Mata’afa said she raised the idea at last month’s Pacific Island Forum and Foreign Minister Penny Wong, who was representing Australia at the event, “didn’t say anything”.
“But the Deputy Prime Minister of New Zealand, who is part Samoan and part Tongan, said, ‘Oh, but all other people in the islands will want to come and live in New Zealand and Australia’.”
Mata’afa said many people would assume this.
“But you might think also that if we have easy access, people can just come do their business, visit their relatives, go on holiday in New Zealand and Australia, but go back home and not have such a difficult time coming into Australia or New Zealand,” she said.
Pat Conroy, the Minister for the Pacific, said the government already had a strong commitment to promoting mobility in the region, including the creation of a green card-style system to bring 3000 Pacific workers into the country every year.
With China and the United States jostling for influence in the region, Fiamē said leaders of larger nations needed to be more respectful of their Pacific counterparts.

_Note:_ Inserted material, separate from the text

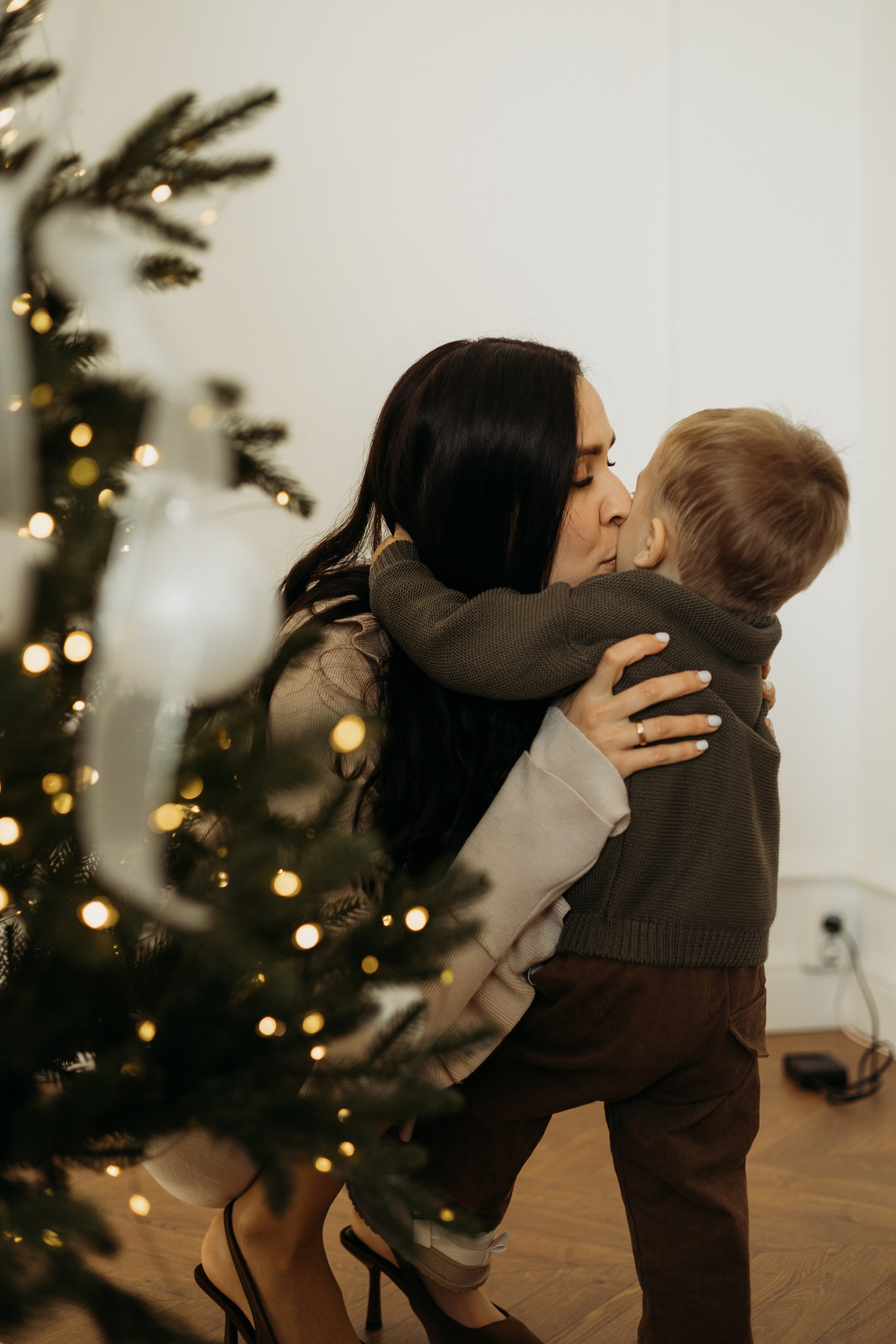 Вика Коля и Матвей. Самый теплый фотограф в Краснодаре Рябоконь Ксения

“I feel I need to be very frank and say that in the Pacific, we feel our partners have fallen short of acknowledging the integrity of Pacific leadership,” she said.
“Such acknowledgements can simply be in the form of information sharing and open consultation.”
Mata’afa said the “shift in global and regional geopolitics is creating an increasingly complex and crowded region that places the Pacific at the epicentre of contemporary global geopolitics”.
Mata’afa said Pacific leaders did not necessarily accept or understand the concept of the Indo-Pacific, which countries such as Australia and the US increasingly use to frame discussions about the region.
“The Pacific Islands were never consulted around that new narrative, or had a discussion around it,” she said.
“Given that we occupy a very large space of one of those oceans, one might have thought that having some input from the Pacific island might have been a good idea as we moved into that new narrative, but, you know, I think we were quite used to it.”
Mata’afa avoided either endorsing or criticising Australia’s nuclear-powered submarine plan, saying “this is how Australia sees its role in the security aspects of the region, and we understand that”.
But she was grateful to receive a briefing from Australian officials on the matter.
There is a strong opposition to nuclear power in the Pacific Islands, after the region was used as a testing ground for nuclear weapons by the US and other nations in World War Two.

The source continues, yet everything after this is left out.